Фыркнув, уже поднимаю ногу, чтобы сбежать, и почти ощущаю вкус свободы, когда меня вдруг дергают за рюкзак назад, и я с размаху приземляюсь на копчик. Черт. Это больно и стыдно. Лицо горит; как я ни пытаюсь сдержаться, но кривлюсь от удара; во рту металлический привкус – кажется, случайно прикусила щеку. Мои тетради оказываются разбросанными по полу, и по одной из них демонстративно топчется Книжник, а меня едва не трясет от злости. Я обязательно пожалею об этом, но…

– Нравится? – почти рычу Бессонову сквозь стиснутые зубы, поймав его темный взгляд, прожигающий мой лоб. Тот самый взгляд, который снится мне почти каждую ночь.

Я не жду ответа. Превозмогая боль, быстро сгребаю конспекты в охапку и, вскочив на ноги, бегу, бегу, бегу прочь…

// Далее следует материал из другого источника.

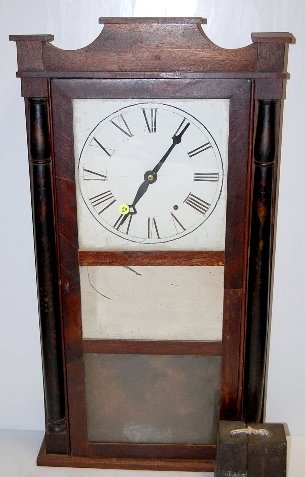 Seth Thomas Wood Works Column Clock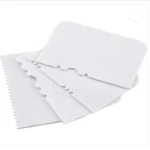 Cake Scraper Tool for Edge Decorating Icing with Different Pattern Baking Comb (Plastic Pack of 4)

Прихрамывать я начинаю лишь на улице, когда адреналин сходит на нет. Я перехожу на шаг, крепче прижимаю к себе тетради и в страхе оглядываюсь по сторонам. На остановку не иду, потому что туда заворачивает целая толпа моих однокурсников вместе с моей бывшей подругой Викой Медведевой, которая до сих пор пытается отмыться от общения со мной и вписаться в популярную компанию. Спойлер: безуспешно. Засунув наушники в уши, я перехожу дорогу и полтора часа «прогуливаюсь» до дома. Зато разгребла по плейлистам подборку новых песен – везде надо искать плюсы.

Весь позитивный настрой летит в пекло, когда я, сбросив кеды и устало передвигая ногами, захожу в гостиную, которая объединена у нас с кухней, и в очередной раз обнаруживаю отца спящим на диване. У его ног стоит початая бутылка коньяка, на полу разбросаны зачеркнутые-перечеркнутые листы рукописи, а из колонки тихо доносится его любимый Брамс, усиливающий чувство унылости и безысходности. Папа вот уже которую неделю пытается поймать вдохновение, заменив компьютер старой доброй бумагой. Он будто не понимает, что издательству не нужны его книги. Больше не нужны. Не после всего.

– Лиза? – сквозь полудрему произносит он, когда я, вздохнув, укрываю его пледом. Зовет – и снова погружается в глубокий сон с мечтательной улыбкой на лице.

Пусть хотя бы там ему будет хорошо.

– Нет, пап. Мама давно ушла от нас, – едва сдерживая слезы, шепчу я и сглатываю подступивший к горлу ком.

Я поднимаюсь к себе, думая о том, что все изменилось с тех пор, как папа убил своего главного героя, благодаря которому двадцать лет оставался одним из самых востребованных авторов детективного жанра в стране. Михаил Ланской создал следователя по кличке Барин примерно за год до моего рождения и с тех пор больше не вспоминал о своей специальности инженера-строителя. Папа убил Барина, потому что устал от него, как он сам сказал. Правда, он не подумал о том, что вместе с героем может уйти и успех.

Первая же книга о молодой журналистке с синдромом Туретта[1]1
  Синдром Туретта выражается в том, что у больного дергаются различные части тела, при этом человек выкрикивает слова и короткие фразы, порой не имеющие никакого смысла и часто нецензурные.


[Закрыть]
провалилась еще на этапе предзаказа, и бо́льшая часть тиража застряла на складе издательства. Преданные читатели не простили папе плохой конец длинной саги, а новые попросту не появились: в эпоху слэша и драконов детективы Михаила Ланского оказались архаичны. Еще бы кто-то из них понимал, что это за синдром такой. Тогда прозвенели первые звоночки.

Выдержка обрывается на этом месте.